Everyone lucky enough to have had a teacher that truly impacted, or even changed, their life will identify with this story.
When Jamil Jan Kochai, now 30, entered second grade, he was terrified. Emigrating to the U.S. from Pakistan when he was just a toddler, Kochai's family spoke Pashto and Farsi at home.
In kindergarten, he didn't know a word of English. "I associated language and learning with punishment, fear and disappointment," he recalls. But his second-grade teacher, Mrs. Lung, changed all that. Nearly everyday after school Lung sat with Kochai, warmly teaching him how to read and write.
"She showed me that I didn't have to be afraid of it, and it could actually be something that I could come to love," he told The Washington Post. By the end of that year, Kochai was fluent, and the next year, he won a reading comprehension award.

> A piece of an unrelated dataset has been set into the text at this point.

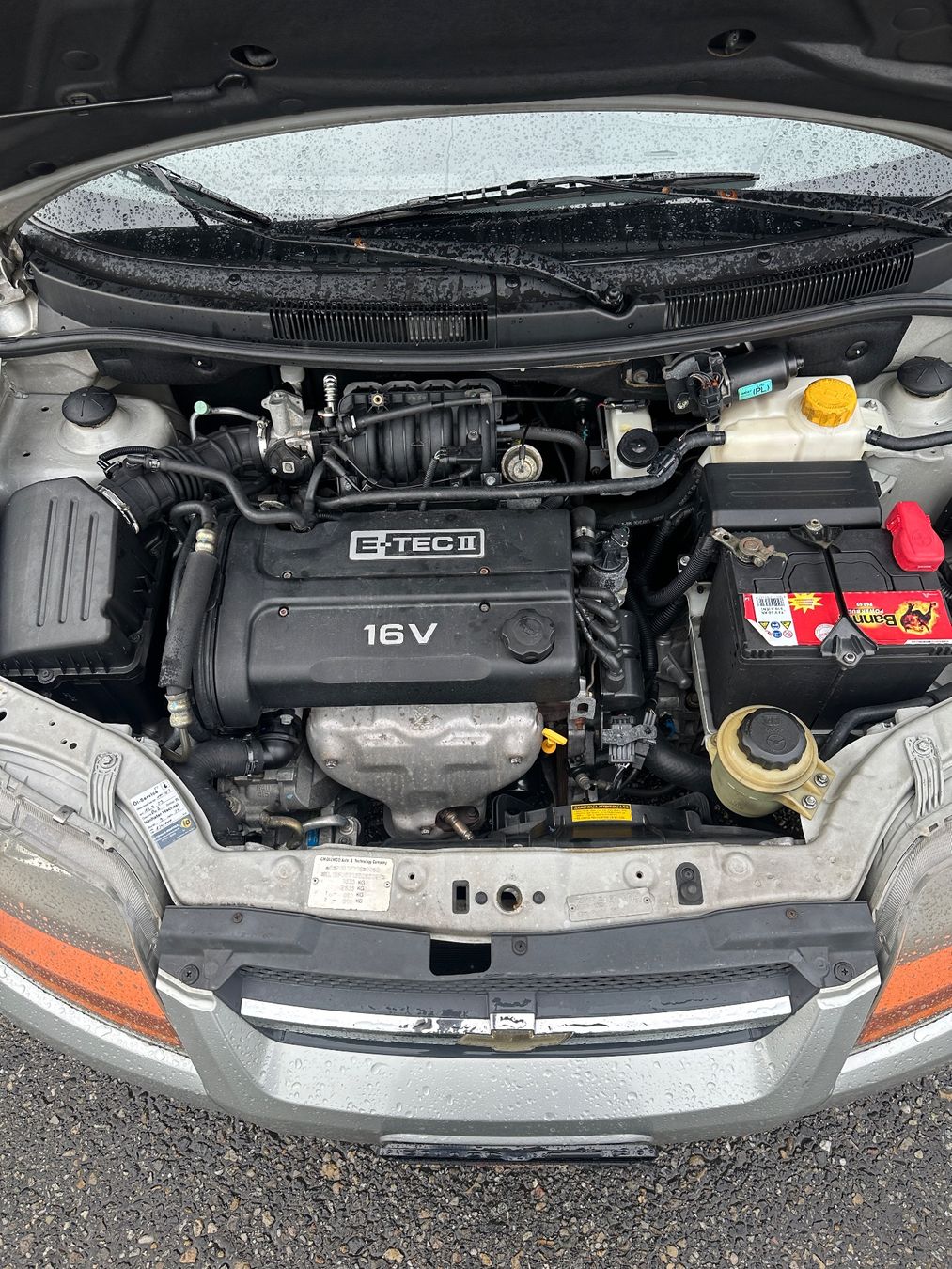 Chevrolet Autos: Chevrolet MFK 03.06.2026 – Gebraucht aus Hunzenschwil von Semko2 8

Today, Kochai has published two books and teaches creative writing at multiple universities. He always felt grateful for Lung, but couldn't recall her first name to be able to trace contact to her. But in 2019, Susannah Lung had an appointment with her neurologist, when the doctor happened to mention that she’d stumbled upon an interesting article. She shocked Lung by asking her: “Are you the Mrs. Lung that taught Jamil Jan Kochai?”
Lung could hardly believe it. “I remembered the name, and I remembered what he looked like,” she said of Kochai. “He had a cute little smile.”
Lung and her husband did a little sleuthing and, last month, decided to attended a book reading by Kochai. "When I saw Mrs. Lung there, my heart exploded," Kochai said. "It wasn't like seeing someone from my past, it was like seeing someone that I've known and cared for and loved all my life."